_Exercise requirements_. Find "UX Workshop at Salomon" in the data below; transcribe the line it appears on and each line after it, exactly, to the end, and nothing else.

◆ ◆ ◆ ◆ ◆ ◆ ◆

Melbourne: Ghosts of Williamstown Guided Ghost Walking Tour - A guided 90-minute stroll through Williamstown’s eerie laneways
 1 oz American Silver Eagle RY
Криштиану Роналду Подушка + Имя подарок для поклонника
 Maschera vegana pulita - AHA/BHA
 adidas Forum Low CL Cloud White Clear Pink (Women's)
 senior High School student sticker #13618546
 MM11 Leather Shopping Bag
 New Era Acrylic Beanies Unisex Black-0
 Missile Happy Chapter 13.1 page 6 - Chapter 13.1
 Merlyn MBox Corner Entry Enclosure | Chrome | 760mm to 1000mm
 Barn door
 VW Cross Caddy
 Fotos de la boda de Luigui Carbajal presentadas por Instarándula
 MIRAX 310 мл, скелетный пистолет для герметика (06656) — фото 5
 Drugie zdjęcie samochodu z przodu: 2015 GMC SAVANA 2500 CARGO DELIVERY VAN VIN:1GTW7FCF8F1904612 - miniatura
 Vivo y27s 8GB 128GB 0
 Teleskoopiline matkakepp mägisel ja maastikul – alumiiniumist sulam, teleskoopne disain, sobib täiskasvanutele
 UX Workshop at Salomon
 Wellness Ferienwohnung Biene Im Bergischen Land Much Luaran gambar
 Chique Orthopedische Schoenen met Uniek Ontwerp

◆ ◆ ◆ ◆ ◆ ◆ ◆

_Task result_.
 UX Workshop at Salomon
 Wellness Ferienwohnung Biene Im Bergischen Land Much Luaran gambar
 Chique Orthopedische Schoenen met Uniek Ontwerp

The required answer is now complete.